The Canadians were ahead 2-0 and were less than 20 minutes away from extending their 20-game World Junior winning streak before the Swedes rallied and won the game off a turnover in the game’s dying seconds.
The Canadian coaching staff spent the night studying the videotape of the game and it didn't take much to realize what happened.
"In a tournament like this, there is so much talent that we can't afford to give them too much room and that's what happened yesterday. We gave them too much space and they capitalized on the scoring chances," said Jodoin.
"Everybody has to be on the same page for 60 minutes. We had an outstanding first period and were a little down in the second and after that we gambled a little too much going into the third."
The Canadians went back to work on Sunday to begin preparations for Monday's game against Denmark.
Sweden is in first place in Group A with nine points, while Canada and the Czech Republic are tied with six apiece.
Sweden plays the Czech Republic on Monday, creating the possibility of a three-way tie atop the standings. The tie would be broken by goal differential in games involving the three teams, meaning a win by the Czech Republic – by less than five goals – would give Canada top spot.
The first-place finisher in each group gets a bye into the semi-finals, while the second-place and third-place teams in each group cross over to meet in the quarterfinals. The gold medal game is set for January 5th in Pardubice.
Jodoin says the Canadians know they have to rely on the Czechs for an easier road to gold.

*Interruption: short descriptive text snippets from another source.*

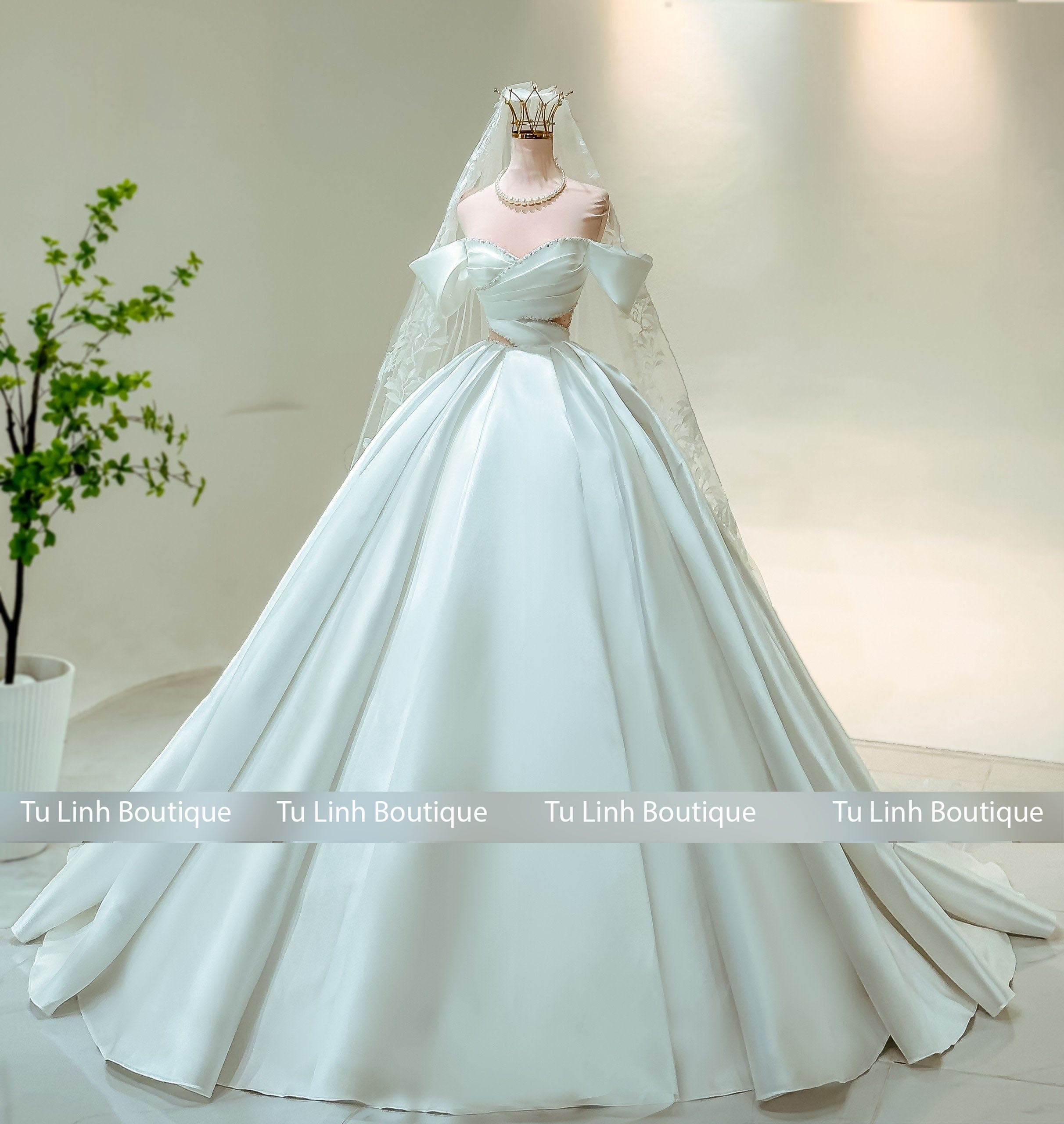 Tu Linh Boutique áo cưới Áo Cưới Tay phồng Đơn Giản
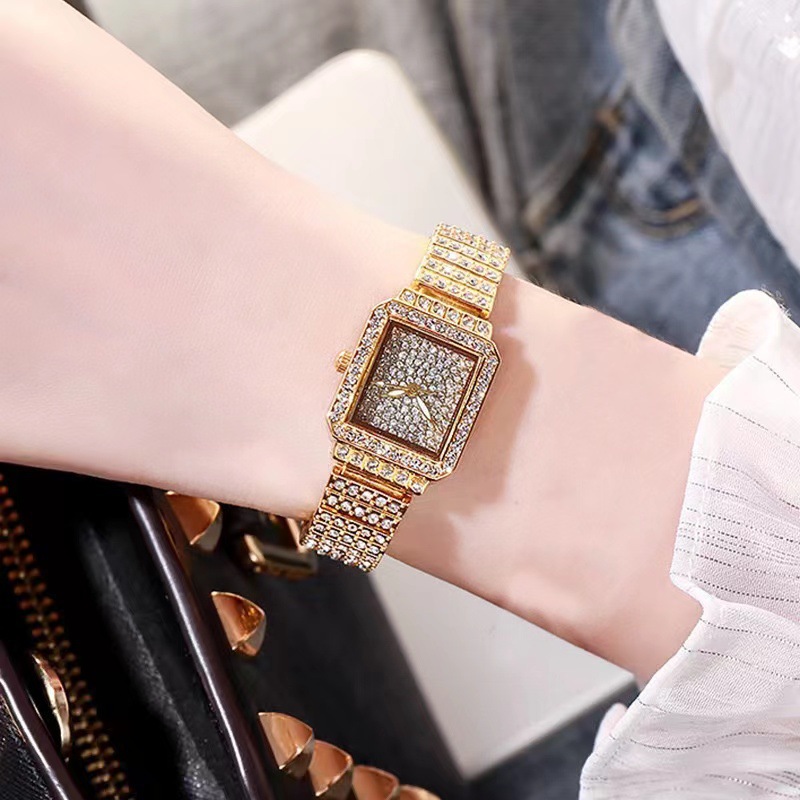 Orologio da donna di vendita calda, orologio al quarzo con diamanti quadrati in cristallo lucido, adatto per scatola regalo, orologio da studente alla moda, tutto in uno_voghion.com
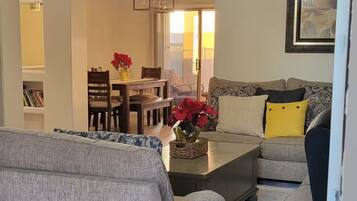 Smart TV, fireplace, ping pong, books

"In life, you do not like to rely on somebody else. We have to count on somebody else to give us the bye and that is not the right way," he said. "It is getting in by the back door and I would rather go through the front door."
The Danes haven't won a game and the easiest thing would be for the Canadians to take them lightly.

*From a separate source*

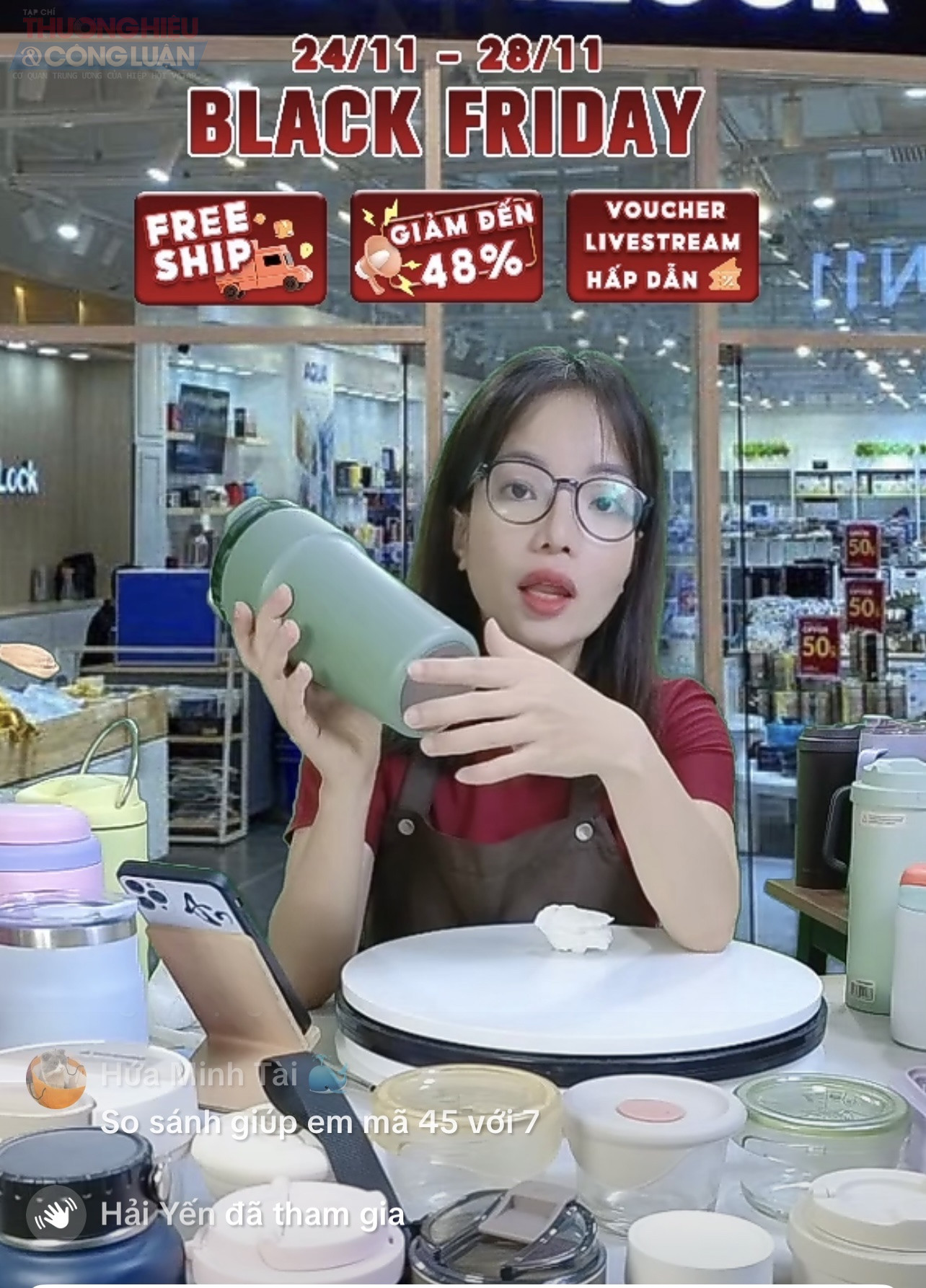 Một buổi livestream giới thiệu sản phẩm ngày Black Friday.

But Jodoin says the players have been reminded to maintain their focus and not look past Monday's game.
"That has been addressed right away. We are going to bounce back. We will be ready. We can't afford to play for 20 minutes. We have to play for 60 minutes.
"We have to come back and it does not matter if it is Denmark. We still have to respect the other team and we have to come back hard."
The lessons learned in the loss to Sweden bode well for Canada’s National Junior Team.
"We have not been playing our best hockey. We can still improve some aspects of our game," said Jodoin. "But it is better to lose that game rather than one in the medal round.
"We learned a valuable lesson."
Steve Mason will get the call between the pipes for the Canadians. He has made one appearance thus far, stopping all 22 shots he faced in a 2-0 win over Slovakia on December 27th.